## [Problem to solve]
Below are the records; extract from them the line containing "шишки Киренск" to the line containing "Artificial Plants - Faux", both lines included, exactly and with no pictures.

------------------------------------

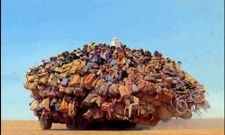 ನಿಜಕ್ಕೂ ಅಮೇಜಿಂಗ್ ಆಗಿರುವ ಫೋಟೊಗಳು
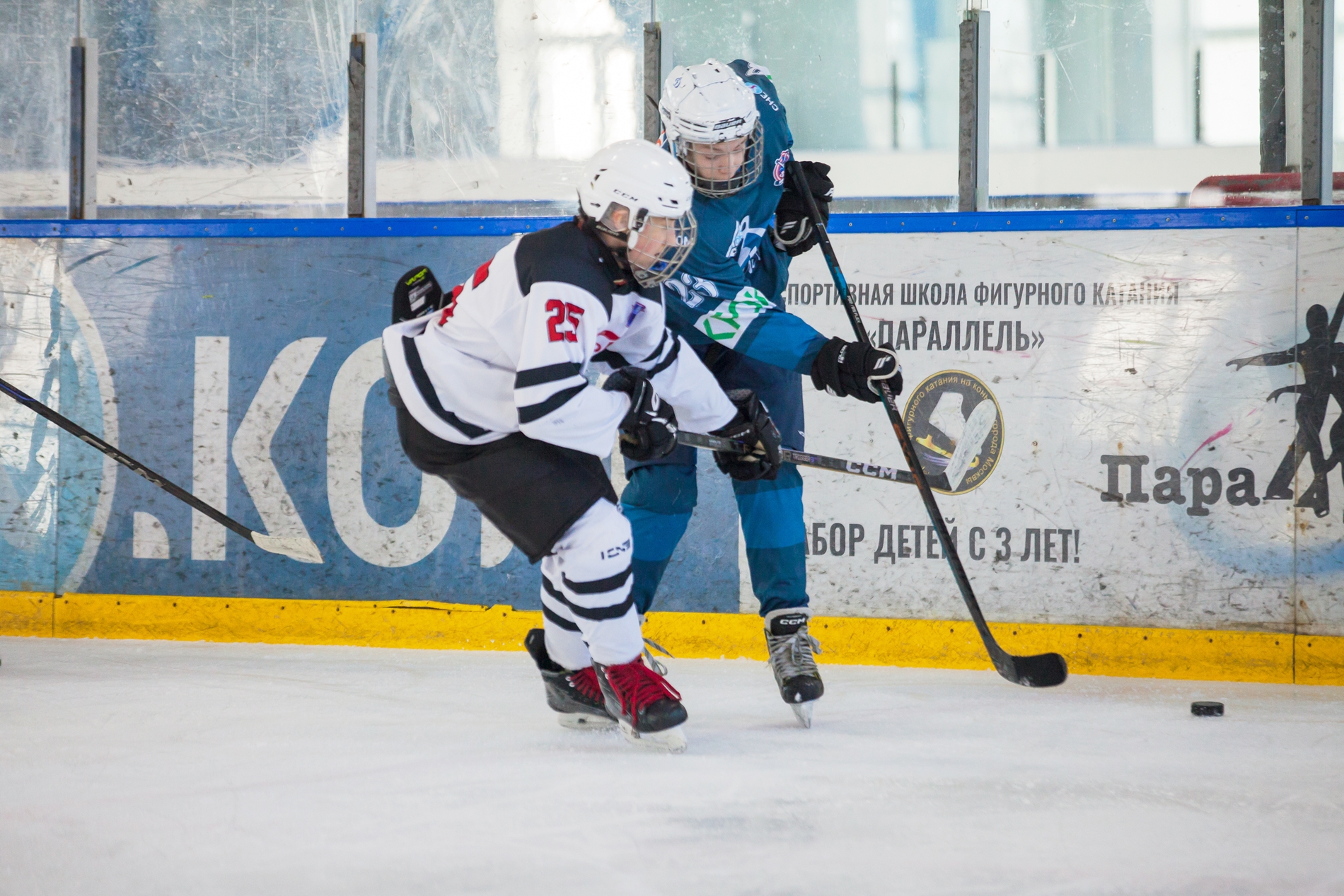 Фото: Динамо-Запад-2011 – Технопул – 5:0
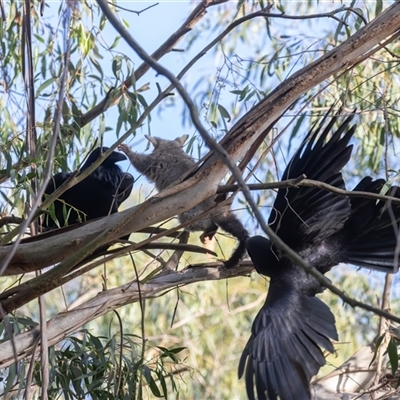 Corvus coronoides (Australian Raven) at Fyshwick, ACT - 24 Oct 2024 by rawshorty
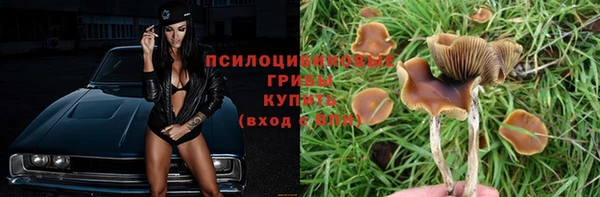 шишки Киренск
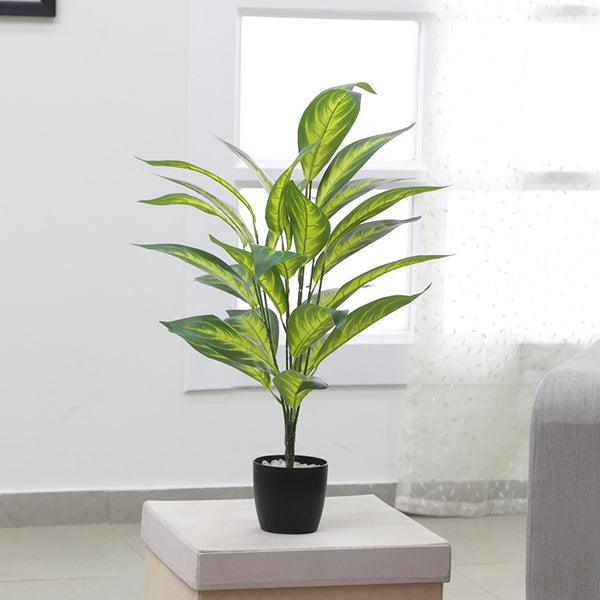 Artificial Plants - Faux Memoria Corsii Plant With Pot - 2.2 Feet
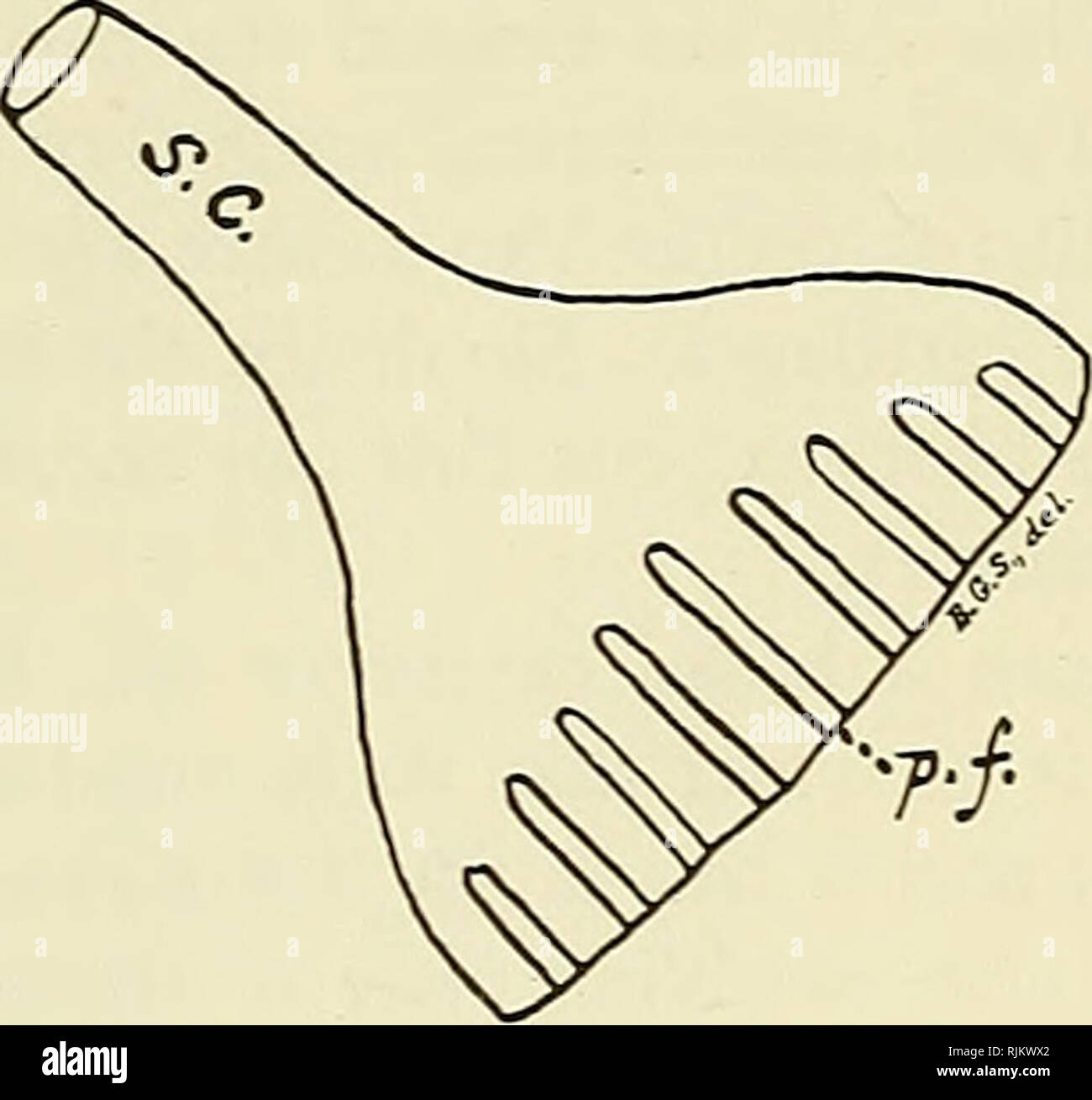 . L'Bashford Dean memorial volume :. Poissons, requins, poissons, combustibles. 426 Bashford Dean Memorial Volume diverticule est émise vers l'avant. C'est recouverte par le muscle levator maxilles . . Le cæcum s'étend aussi loin que la partie antérieure de l'extrémité proximale du bouton de l'hyoman- dibular, quels projets de la dépression articulaire sur la capsule auditive. Il n'est pas attaché à l'hyomandibular, mais en est séparé par le hyoidean Direction générale du septième nerf, qui passe seulement interne et ventrale. Dans tous les probabihty c'est homologue à la plus vaste caeca mentionné par R Banque D'Images . L'Bashford Dean memorial volume :. Poissons, requins, poissons, combustibles. 426 Bashford Dean Memorial Volume diverticule est émise vers l'avant. C'est recouverte par le muscle levator maxilles . . Le cæcum s'étend aussi loin que la partie antérieure de l'extrémité proximale du bouton de l'hyoman- dibular, quels projets de la dépression articulaire sur la capsule auditive. Il n'est pas attaché à l'hyomandibular, mais en est séparé par le hyoidean Direction générale du septième nerf, qui passe seulement interne et ventrale. Dans tous les probabihty c'est homologue à la plus vaste caeca mentionné par R Banque D'Images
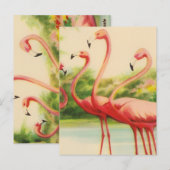 Carte Postale Flamants Rétro (Devant / Derrière)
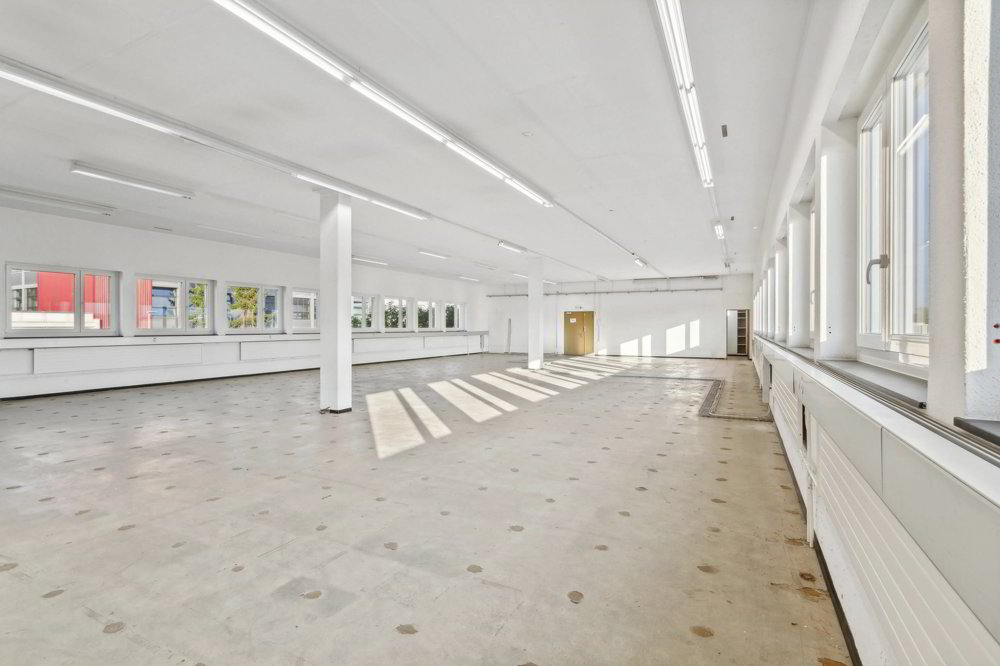 Commercial to rent in Fällanden - Ansicht 4
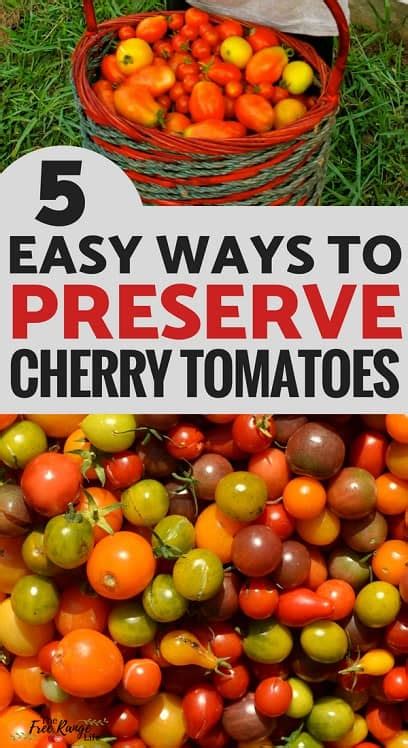 5 Simple And Delicious Ways To Preserve Cherry Tomatoes Cherry Tomato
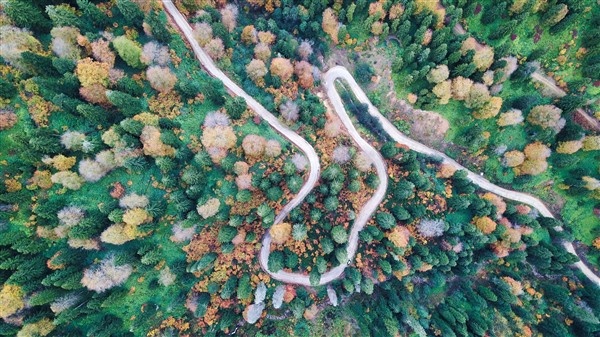 Karadeniz'de doğal ağaç müzesi büyülüyor 7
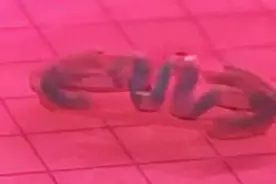 灵活如鱼！机器人配蛇形柔性骨骼，应激下可“窜出”三个身长图片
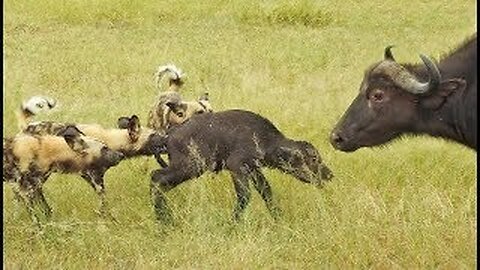 Wild Dogs Take 5 Buffalo Calves in an EPIC Feeding Frenzy!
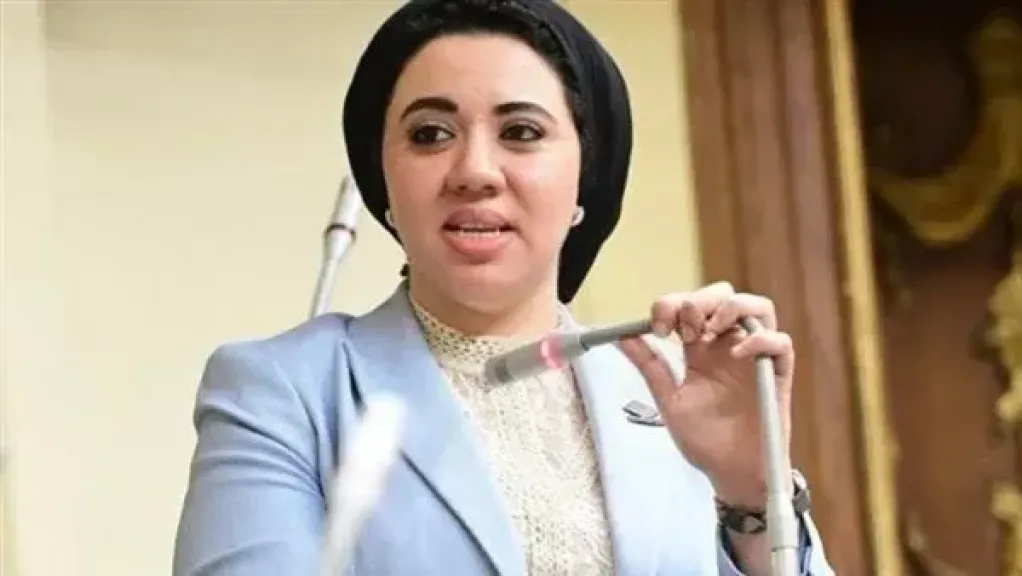 النائبة أميرة صابر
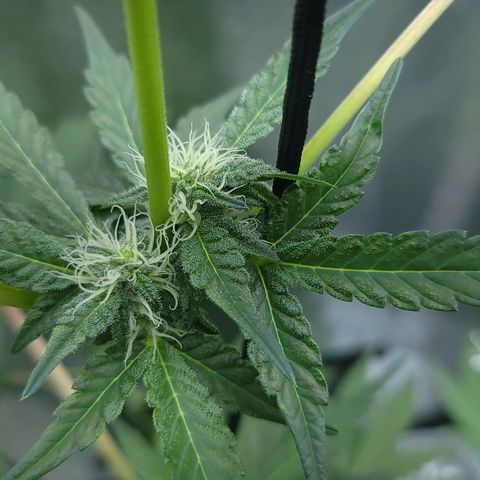 JB grow #1 growlog photo: First time grower. I started with 4 seeds and when they all started auto flowering, two became hermies and I sadly tossed them. The remaining two are happy and healthy. I'm so proud of this and it didn't cost much to get it going. Led lights combined are 1600 umol/m2/s in a 2x2. 1000 watt equivalent.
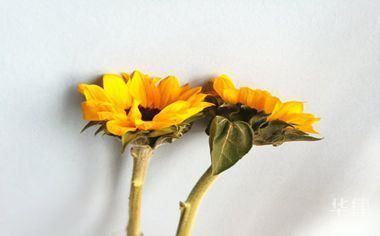 使用霸氣龍頭圖片時如何避免侵權(quán)？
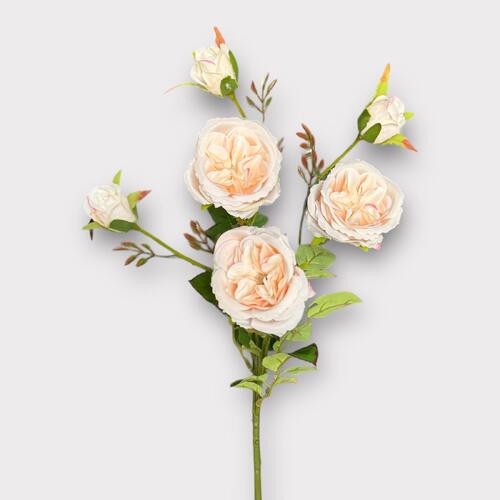 David Austin Rose Spray BF0037-CR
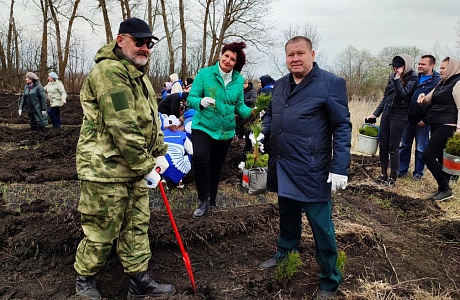 6,000 Pine Trees Planted in Penza Oblast in Memory of Those Who Died in the Great Patriotic War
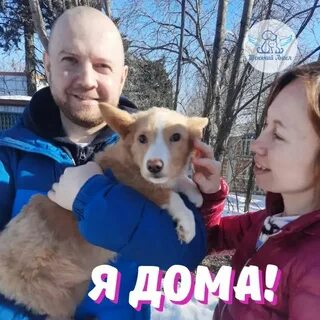 Адрес приюта щенячий ангел
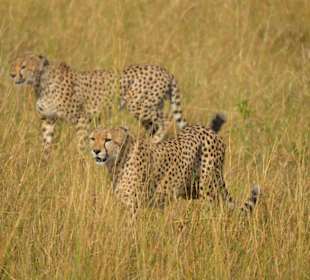 Geparden auf Jagd_Masai Mara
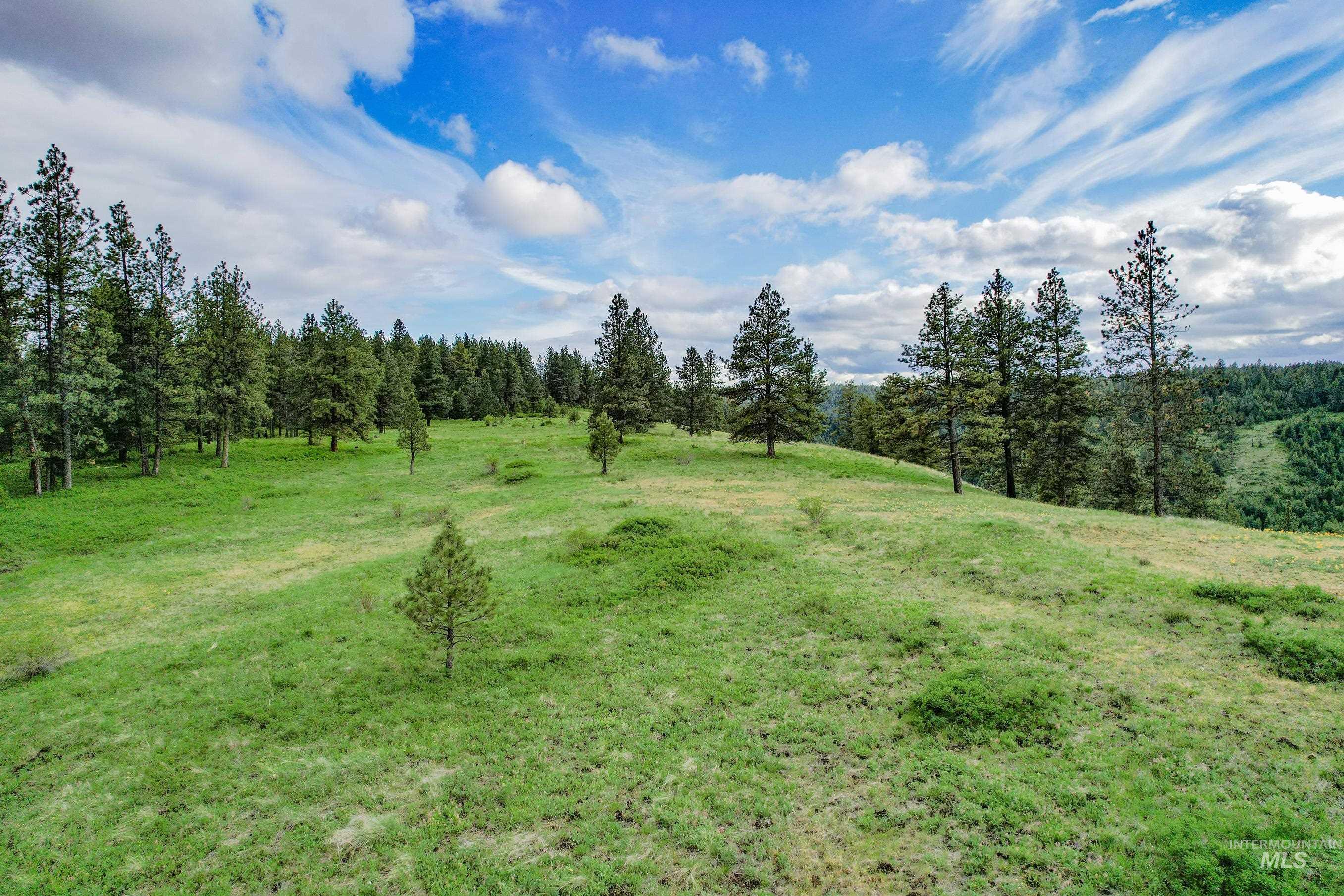 205 Burnt Creek Road, CottonWood, Idaho 83522, 1 Bedroom, 1 Bathroom, Farm & Ranch For Sale, Price $3,866,800,MLS 98947716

------------------------------------

## [Exercise result]
 шишки Киренск
 Artificial Plants - Faux Memoria Corsii Plant With Pot - 2.2 Feet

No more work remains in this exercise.